Conclusion and Future Plans:

The report ended as any journal article does: with a call for more research on technology’s impact on learning. The report suggests the following areas for further study: determining which types of students achieve the most in various environments (e.g., fully face-to-face, blended, and fully online) and what kinds of learning environments help students achieve in specific subject areas and levels.

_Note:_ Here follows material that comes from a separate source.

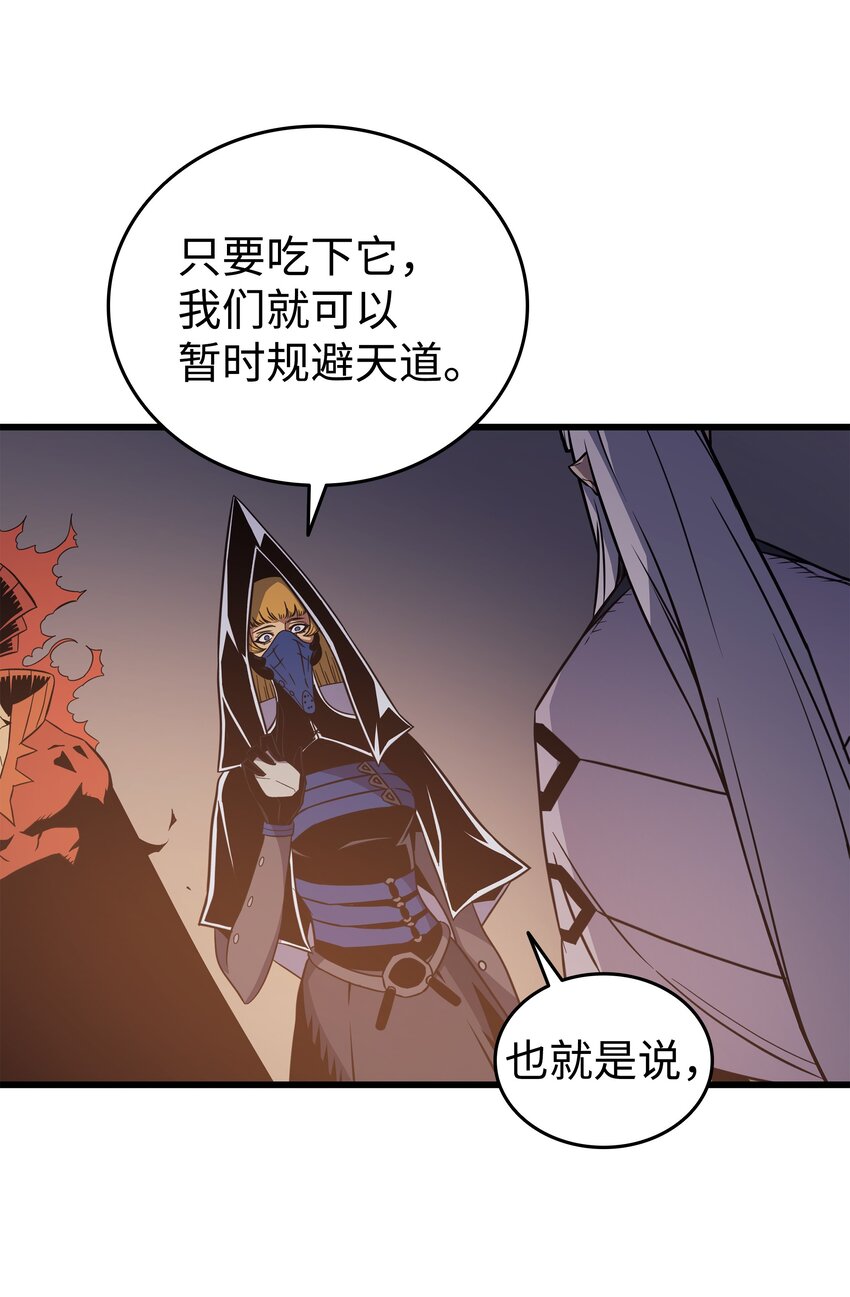 99 真心话大冒险32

Personally and as a tech / department / discipline mentor, I will further implement, apply, model, and advocate for the International Society for Technology in Education (ISTE) Standards for Teachers, whose key standards are the following (each of which have four performance standards outlined):

1.     Facilitate and inspire student learning and creativity

2.     Design and develop digital age learning experiences and assessments

3.     Model digital age work and learning

4.     Promote and model digital citizenship and responsibility

5.     Engage in professional growth and leadership


Especially in relation to #5 -- Recently my colleague who is currently our WIA/EL Civics grant coordinator for our department and I, using the data from the instructor self-assessment discussed in this blog post, and incorporating (as required) the International Society for Technology in Education (ISTE) Standards for Students, we formulated our annual tech plan for the coming year with three simple (and hopefully attainable) goals for students and teachers in our program:

1.     Students will be exposed to and use a variety of online tools such as discussion boards, voice tools, assessments, and gradebooks for learning, communication, collaboration, and tracking their own progress, thus becoming part of an online community and becoming better acquainted and more comfortable with online learning.

Professional development to be provided to instructors in our department:

A) Two full-time faculty will provide instructors access to their online hybrid courses. Instructors will observe online and face-to-face instruction and will be mentored on developing their own online courses.

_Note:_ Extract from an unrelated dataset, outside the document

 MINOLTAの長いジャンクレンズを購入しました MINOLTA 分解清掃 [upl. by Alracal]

B) Two face-to-face workshops will also be provided on Blackboard Assignments, Assessments, and Gradebook.

2.     Students will be able to create word-processed documents and brief slideshows on a variety of topics and will be able to use relevant features of a spreadsheet in order to complete class assignments.

Professional development to be provided to instructors in our department:

Two workshops will be offered on Microsoft Office 2013 updates (Word, PPT, Excel).

3.     Students will learn new technologies as they are integrated into class assignments for a variety of purposes such as information gathering, idea generation, creating original works individually or as part of team projects, communicating information, and solving problems.  

Professional development to be provided to instructors in our department:

Instructors will be mentored on creating and executing lesson plans which integrate technology and have an end product of student work which will be compiled and shared online.  Mentees will become mentors, and the mentorship program will grow in the coming year.